▶ _DATA PROVIDED_:
----------------
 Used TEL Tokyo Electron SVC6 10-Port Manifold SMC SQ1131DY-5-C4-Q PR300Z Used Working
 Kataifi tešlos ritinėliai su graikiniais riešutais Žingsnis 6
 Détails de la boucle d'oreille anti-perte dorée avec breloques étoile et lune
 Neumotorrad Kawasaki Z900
----------------
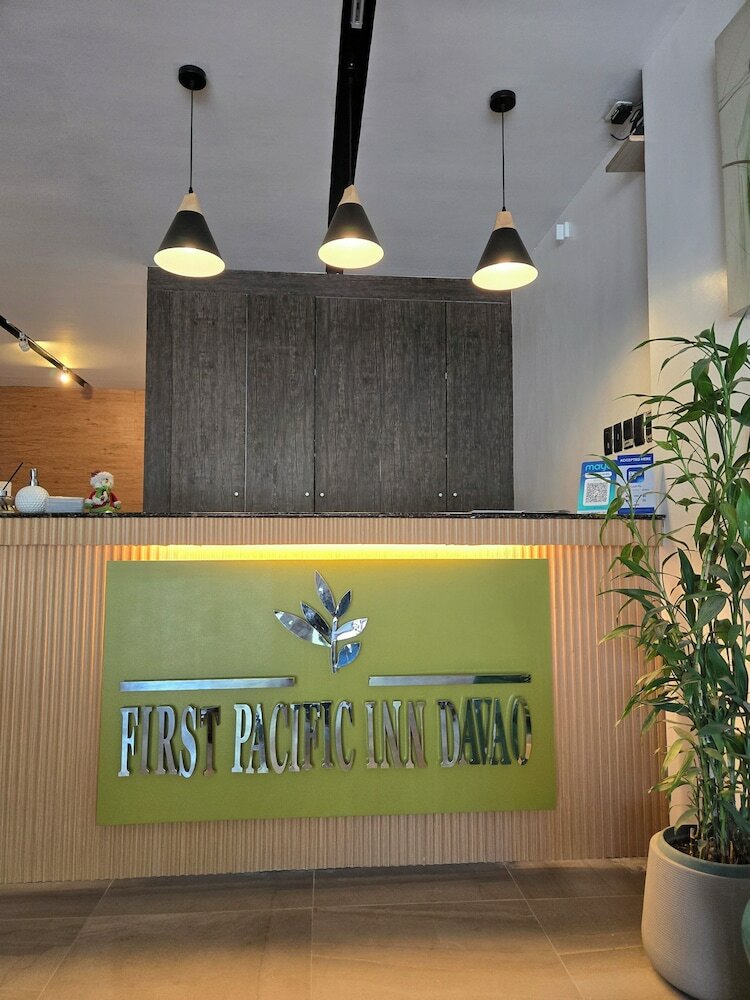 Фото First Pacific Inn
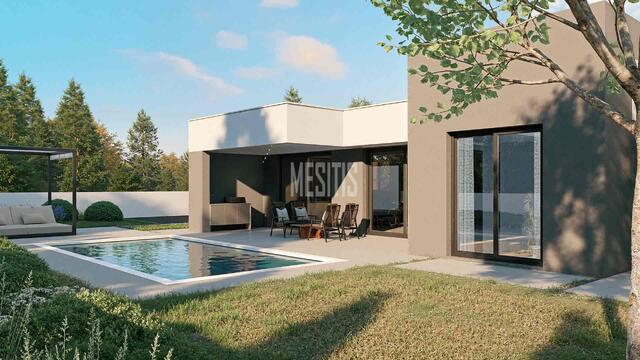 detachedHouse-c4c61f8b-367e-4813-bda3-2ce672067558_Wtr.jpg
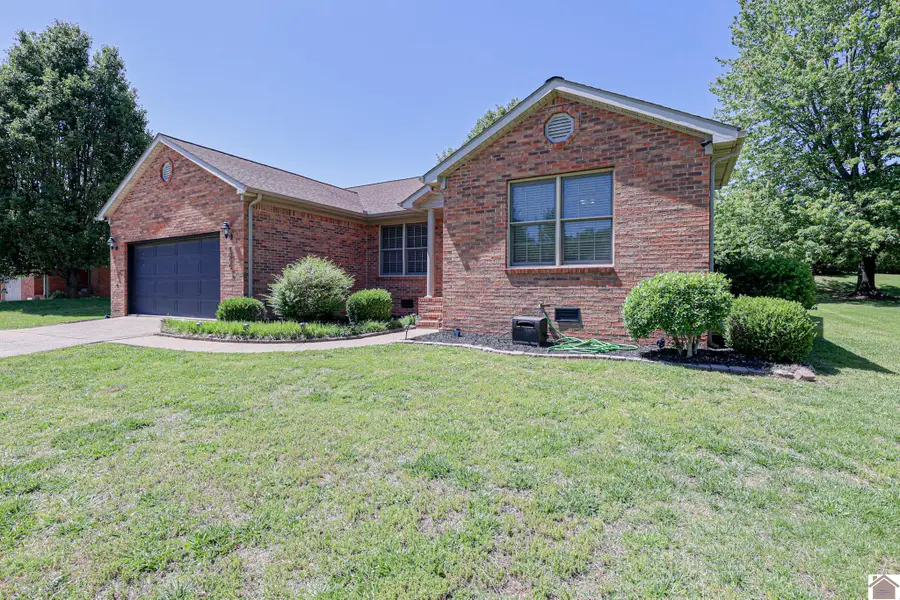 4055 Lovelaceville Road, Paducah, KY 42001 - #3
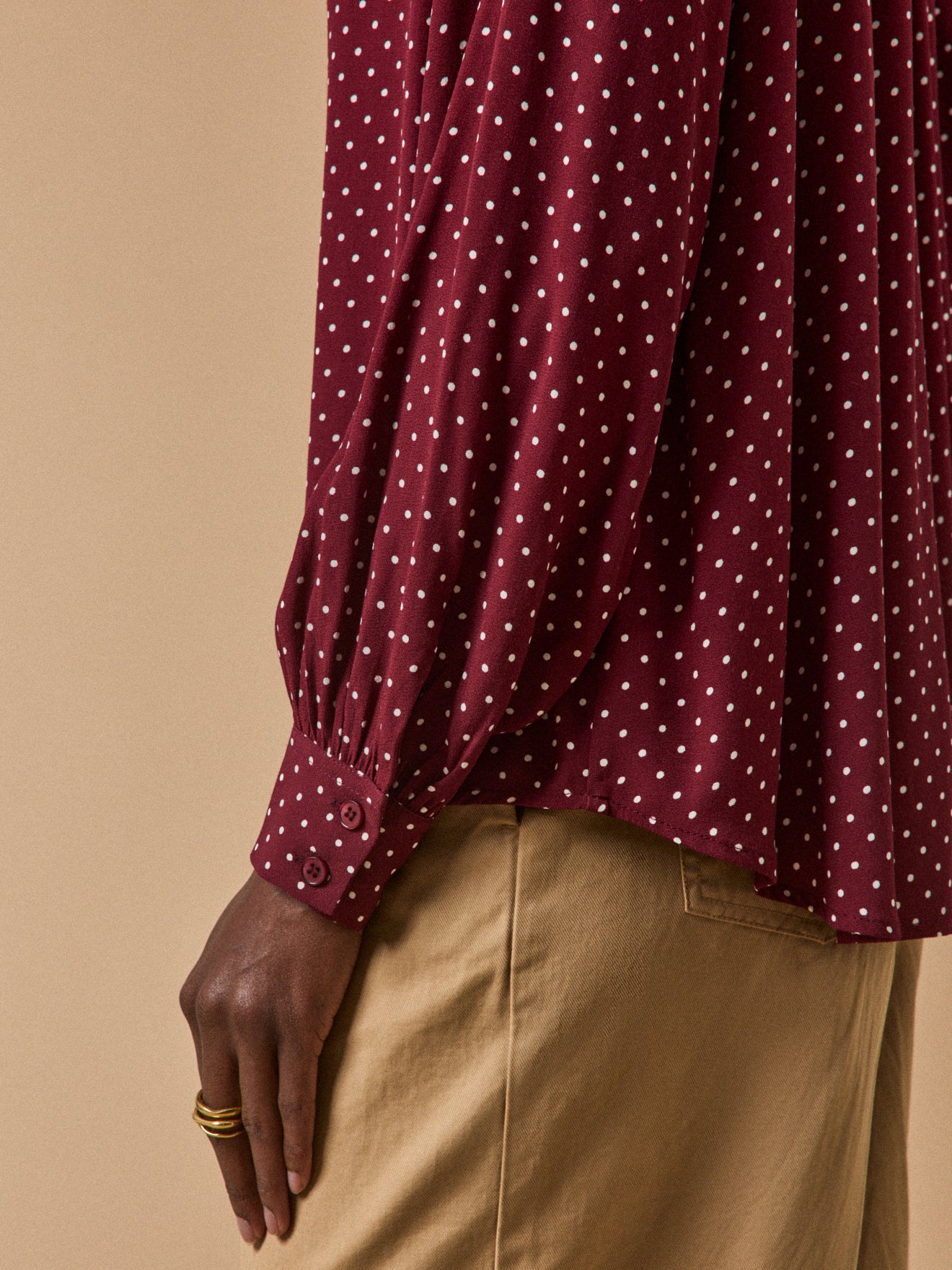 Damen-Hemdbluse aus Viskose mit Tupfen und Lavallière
----------------
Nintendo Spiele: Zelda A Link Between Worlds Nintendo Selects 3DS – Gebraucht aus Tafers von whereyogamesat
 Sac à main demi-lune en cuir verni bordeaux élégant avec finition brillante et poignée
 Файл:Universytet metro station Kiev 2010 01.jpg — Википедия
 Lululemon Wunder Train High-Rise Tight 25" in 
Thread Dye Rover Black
----------------
▶ _DIRECTIONS_: Only one stretch of the entries above is needed: the lines from the one containing "Фото First Pacific Inn" through the one containing "Damen-Hemdbluse aus Viskose". Copy it exactly, without the pictures.

▶ _WRITTEN RESPONSE_:
 Фото First Pacific Inn
 detachedHouse-c4c61f8b-367e-4813-bda3-2ce672067558_Wtr.jpg
 4055 Lovelaceville Road, Paducah, KY 42001 - #3
 Damen-Hemdbluse aus Viskose mit Tupfen und Lavallière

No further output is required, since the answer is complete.